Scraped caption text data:
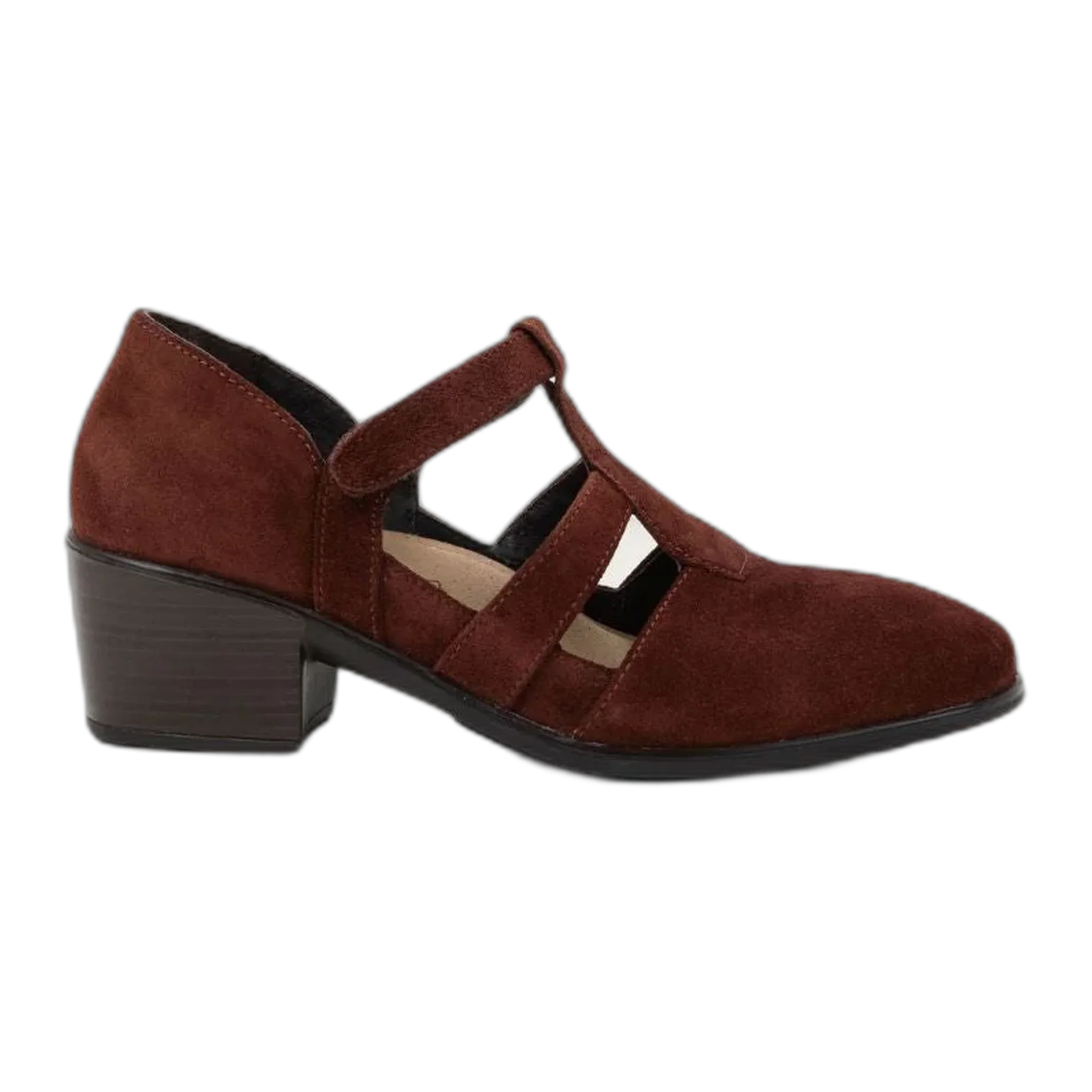 Authentic - Image 2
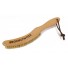 Spazzola per tappi - Brooklyn Fizz - Alternate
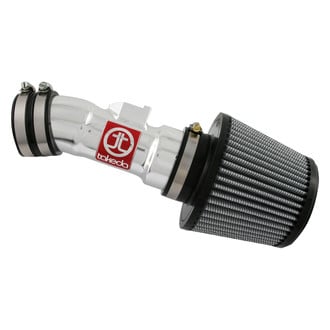 Takeda® - Retain Stage 2 Short Ram Intake System
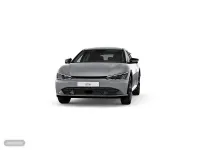 Nuevo Kia EV6 Air 125 kW (170 CV) 2026 Gris SUV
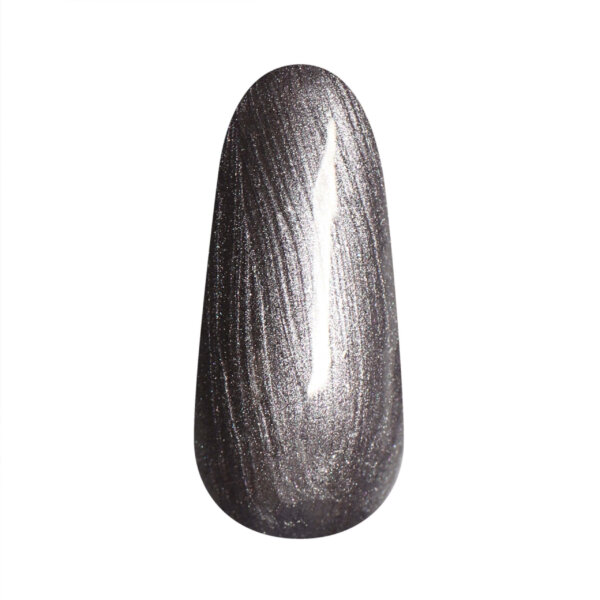 Gelpolish Moonless Night 10 ml.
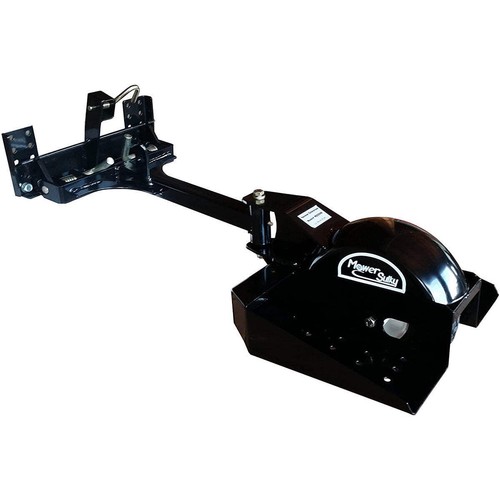 One wheel sulky velke for - wheel,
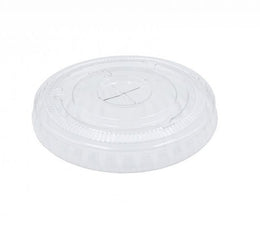 ARISTEA COPERCHIO DM.85 100PZ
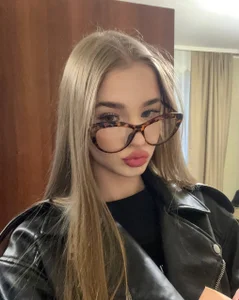 Milla_Rae Public Bilde 2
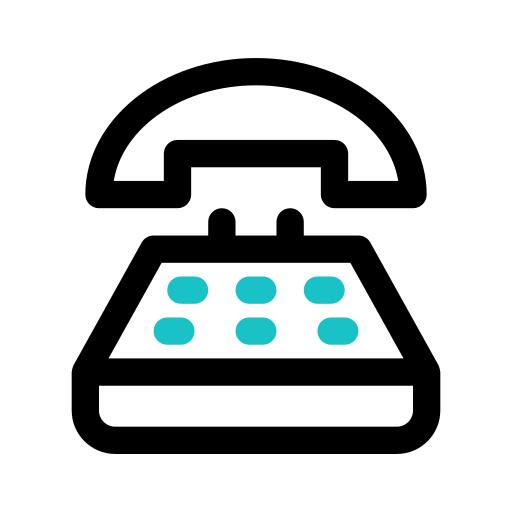 Phone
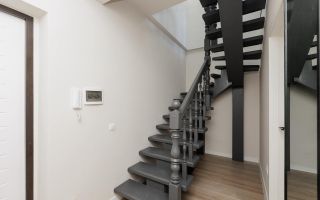 Vânzare, apartament, 2 camere, strada Alba Iulia, Buiucani - Poză 7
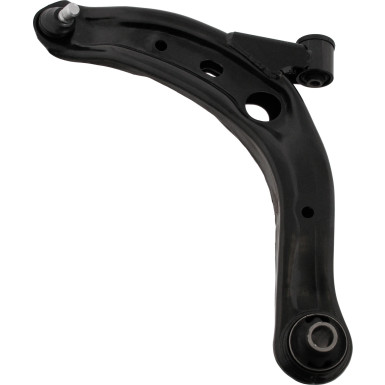 FEBI BILSTEIN 31741 Querlenker, Lenker, Radaufhängung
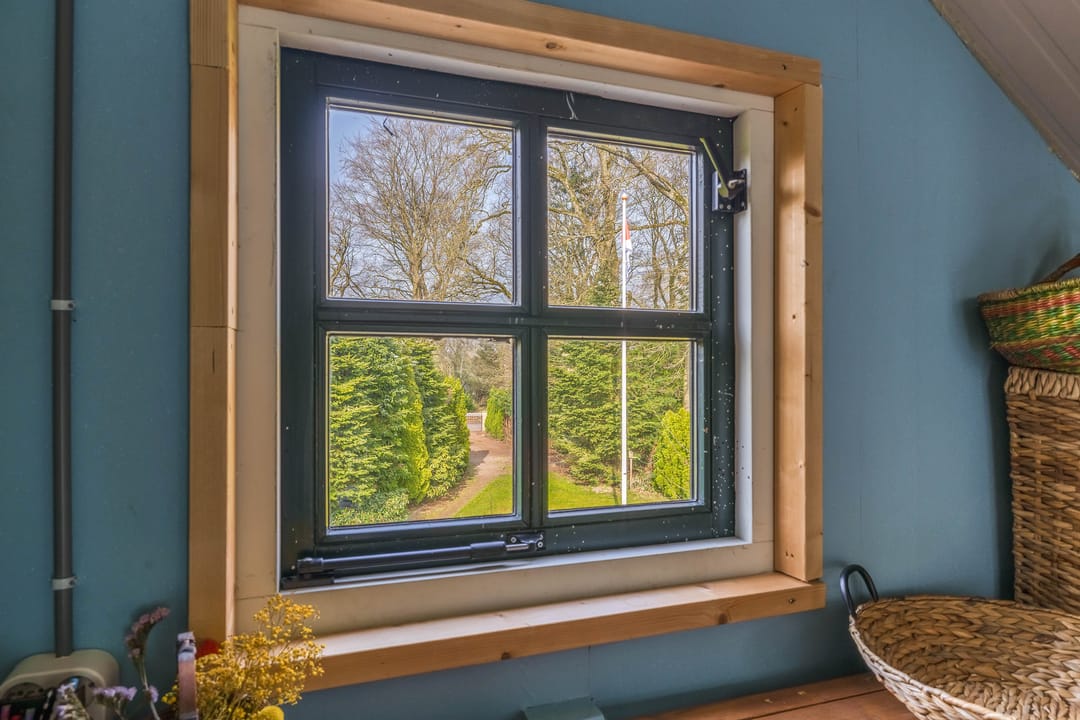 Foto 28 van Molenweg 30-A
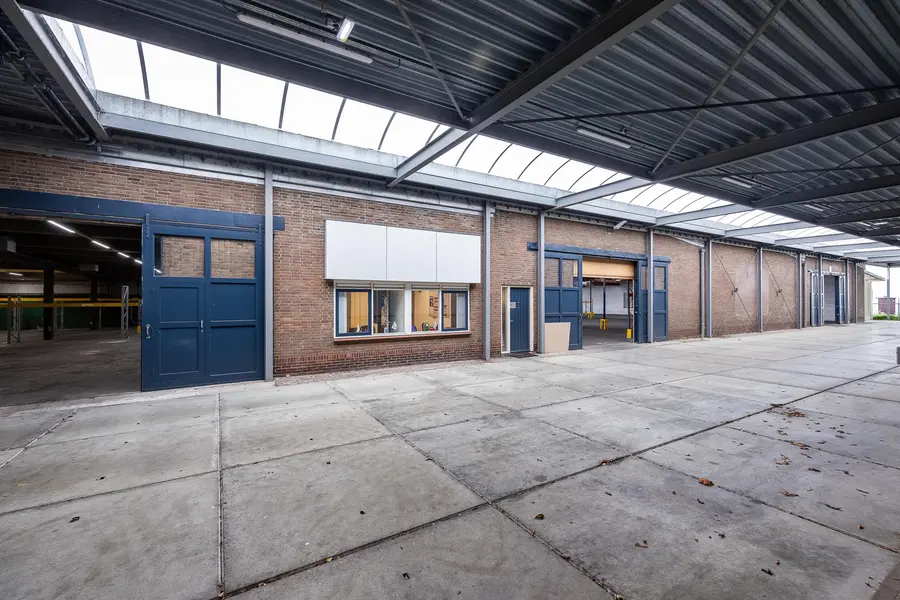 Heereweg 337B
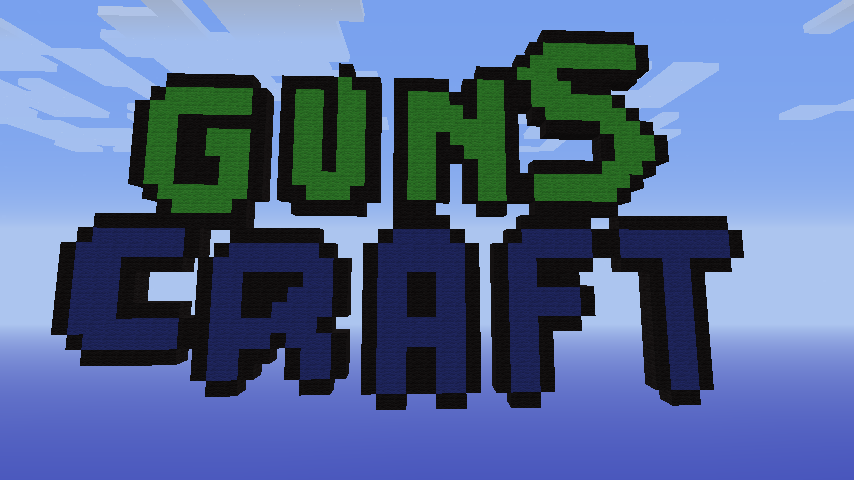 guns-craft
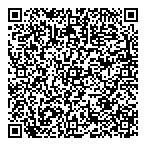 QR код "Суши Wok"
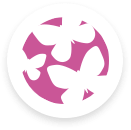 corporate nutrition icon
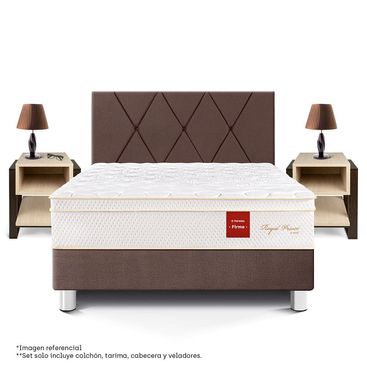 set-dormitorio-royal-prince-firme-cabecera-loft-2-plz-chocolate---velador-flotante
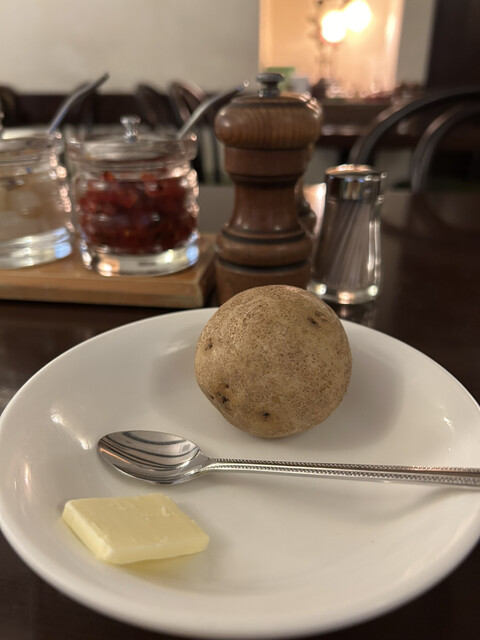 Petit A La Campagne photo 2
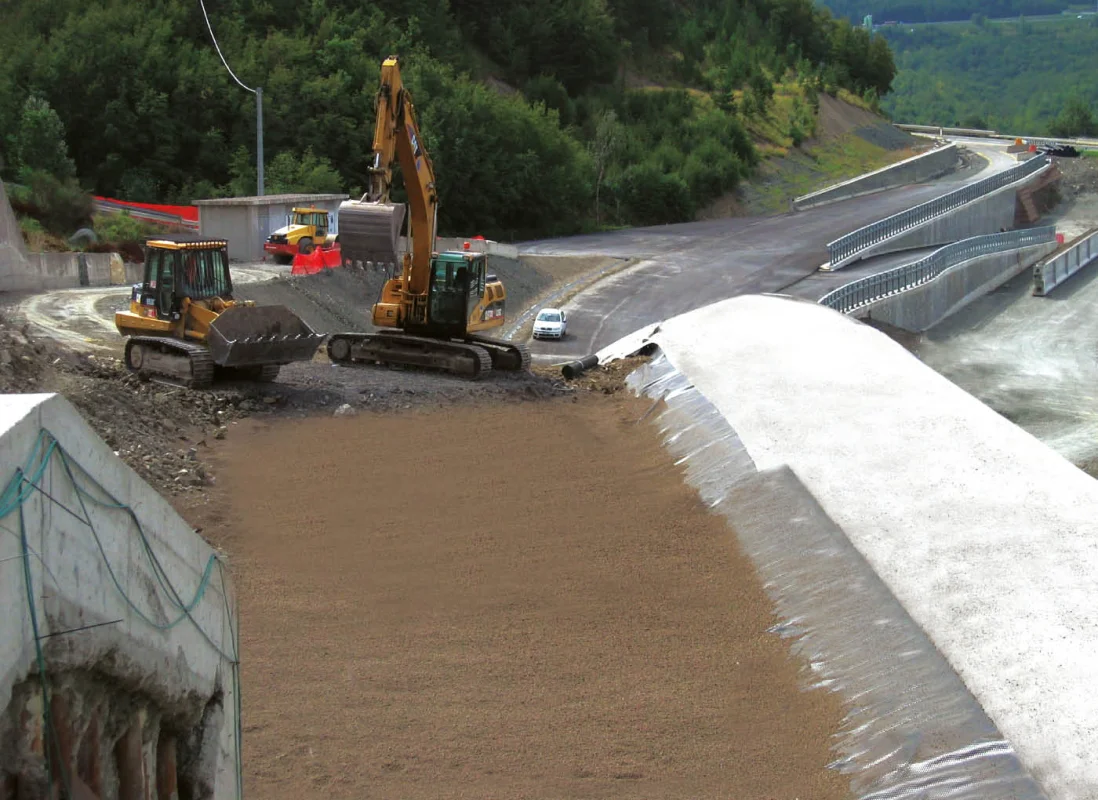 rilevato-leggero-geotecnica-AG1-2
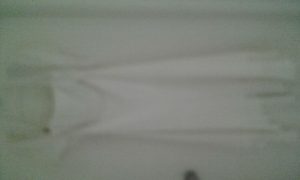 20160426_122238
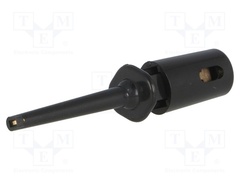 R8-H16F-BLACK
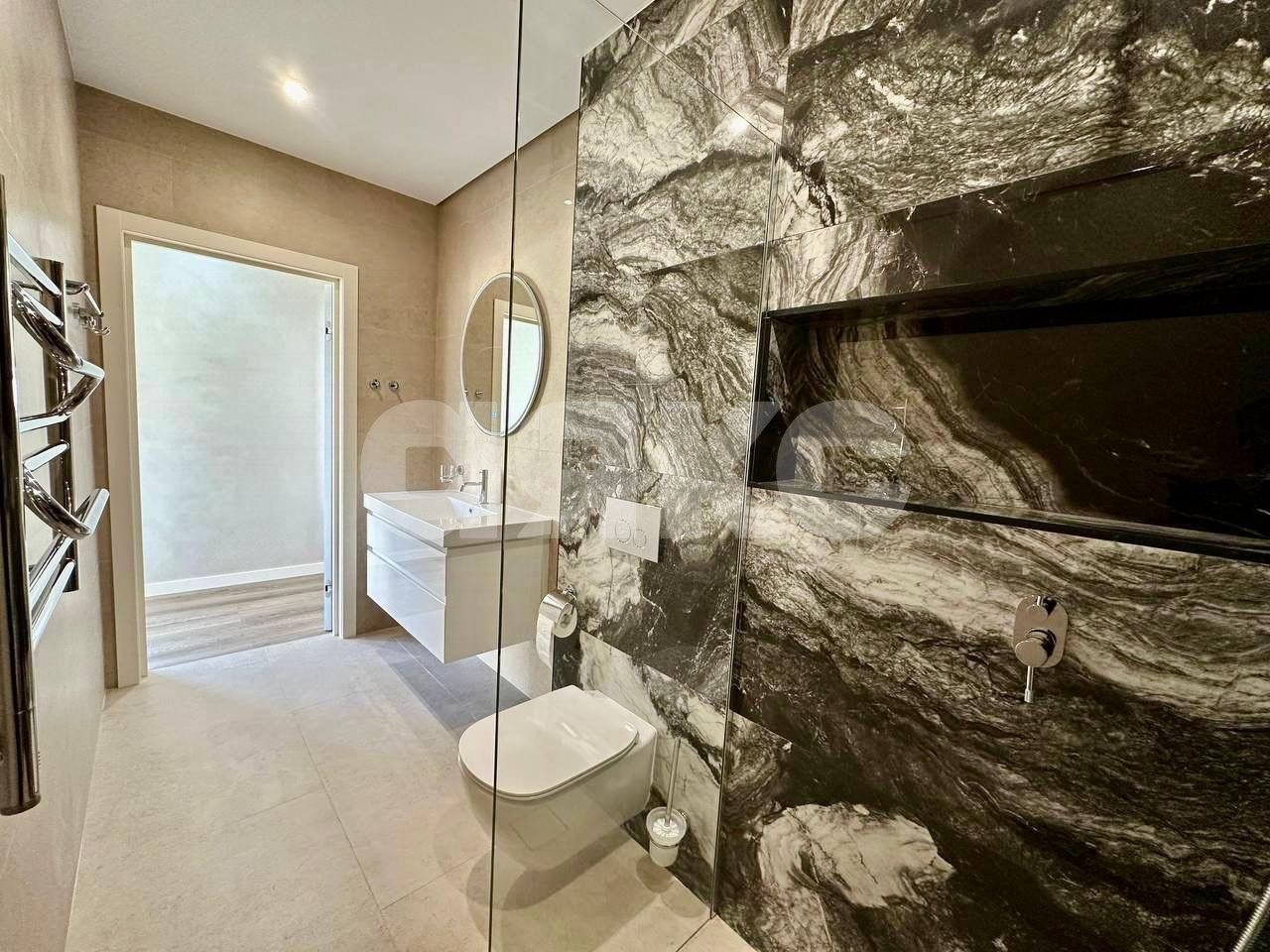 Фото №30: Дом 344 м² + 3.68 сот. - Сочи, Адлерский, п. Кудепста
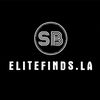 @elitefinds.la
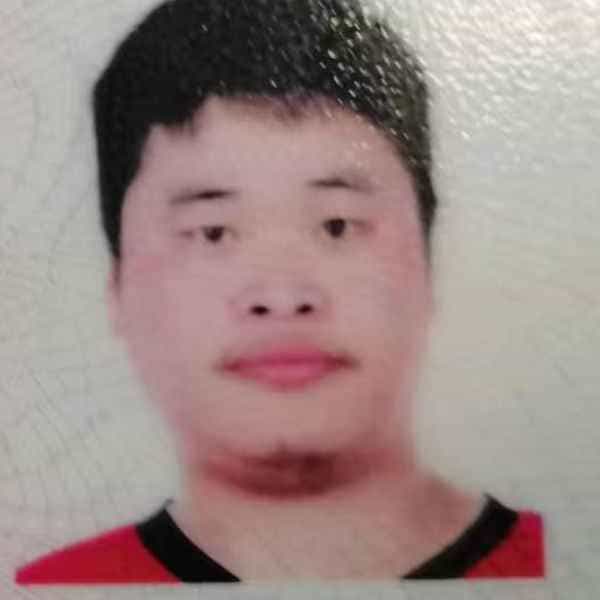 39岁岁浙江单身帅哥 - 林芝吉缘网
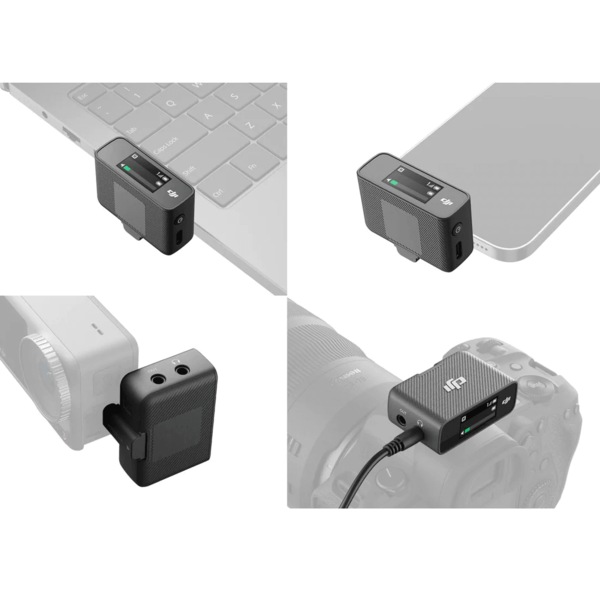 Image 7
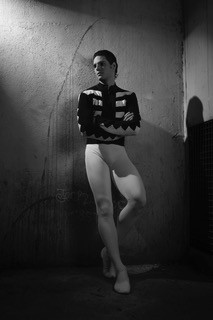 Ballet couture0933 3.jpeg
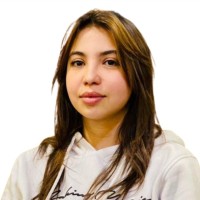 Ghada Fehri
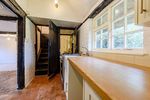 Ewelme, Lower Froyle - Rightmove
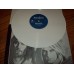 Judas Priest ‎– Tyrant - maxi-single - white vinyl GULS 7612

- About this task
Reproduce the entries above word for word. Pictures stay out.

- Finished task
 Authentic - Image 2
 Spazzola per tappi - Brooklyn Fizz - Alternate
 Takeda® - Retain Stage 2 Short Ram Intake System
 Nuevo Kia EV6 Air 125 kW (170 CV) 2026 Gris SUV
 Gelpolish Moonless Night 10 ml.
 One wheel sulky velke for - wheel,
 ARISTEA COPERCHIO DM.85 100PZ
 Milla_Rae Public Bilde 2
 Phone
 Vânzare, apartament, 2 camere, strada Alba Iulia, Buiucani - Poză 7
 FEBI BILSTEIN 31741 Querlenker, Lenker, Radaufhängung
 Foto 28 van Molenweg 30-A
 Heereweg 337B
 guns-craft
 QR код "Суши Wok"
 corporate nutrition icon
 set-dormitorio-royal-prince-firme-cabecera-loft-2-plz-chocolate---velador-flotante
 Petit A La Campagne photo 2
 rilevato-leggero-geotecnica-AG1-2
 20160426_122238
 R8-H16F-BLACK
 Фото №30: Дом 344 м² + 3.68 сот. - Сочи, Адлерский, п. Кудепста
 @elitefinds.la
 39岁岁浙江单身帅哥 - 林芝吉缘网
 Image 7
 Ballet couture0933 3.jpeg
 Ghada Fehri
 Ewelme, Lower Froyle - Rightmove
 Judas Priest ‎– Tyrant - maxi-single - white vinyl GULS 7612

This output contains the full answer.